◆ **REQUIRED ACTION**
Leaving out all pictures, write out word for word the lines from the one containing "Refining, Reducing, and" to the end of the data below.

─── DATA EXTRACT ───

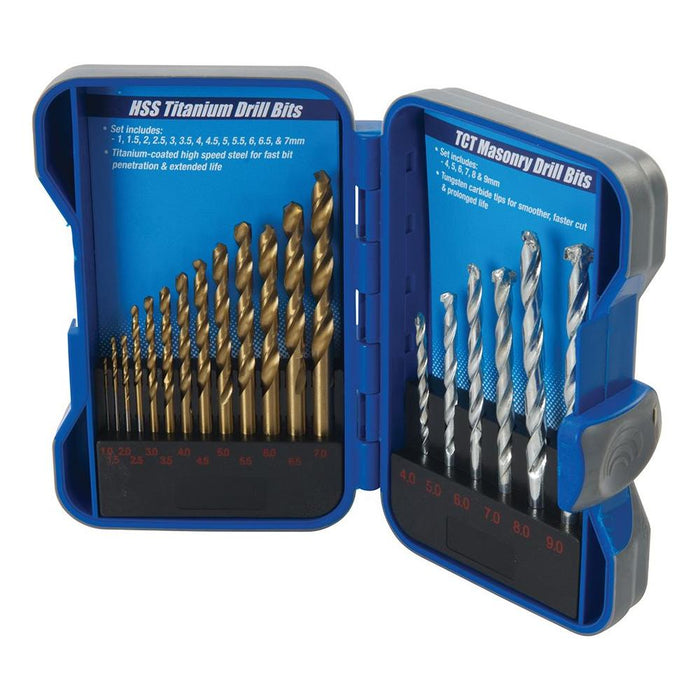 Silverline Titanium-Coated HSS & Masonry Drill Bit Set 19pce 1 - 9mm Silverline - Town Tools 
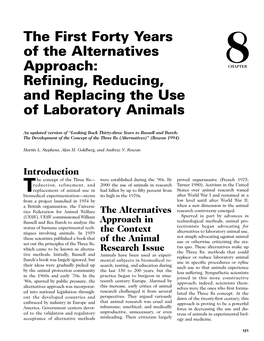 Refining, Reducing, and Replacing the Use of Laboratory Animals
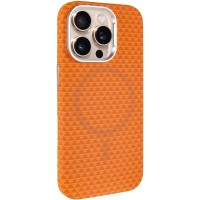 Чехол для iPhone 15 Pro KVZV Triangular Pattern with Magnetic Fit, ТПУ + поликарбонат, Оранжевый / Orange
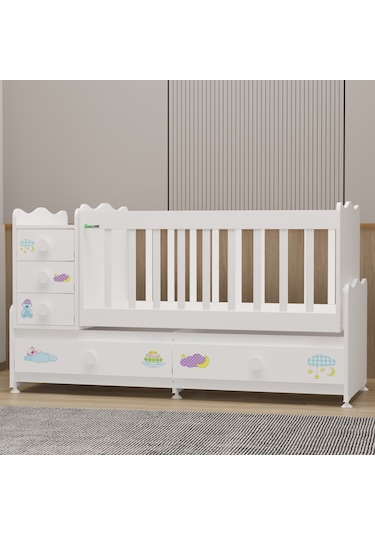 Garaj Home Melina 5 Çekmeceli Büyüyen Mdf Çıtalı Beşik - Uykucu Beyaz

───

◆ **TASK OUTPUT**
 Refining, Reducing, and Replacing the Use of Laboratory Animals
 Чехол для iPhone 15 Pro KVZV Triangular Pattern with Magnetic Fit, ТПУ + поликарбонат, Оранжевый / Orange
 Garaj Home Melina 5 Çekmeceli Büyüyen Mdf Çıtalı Beşik - Uykucu Beyaz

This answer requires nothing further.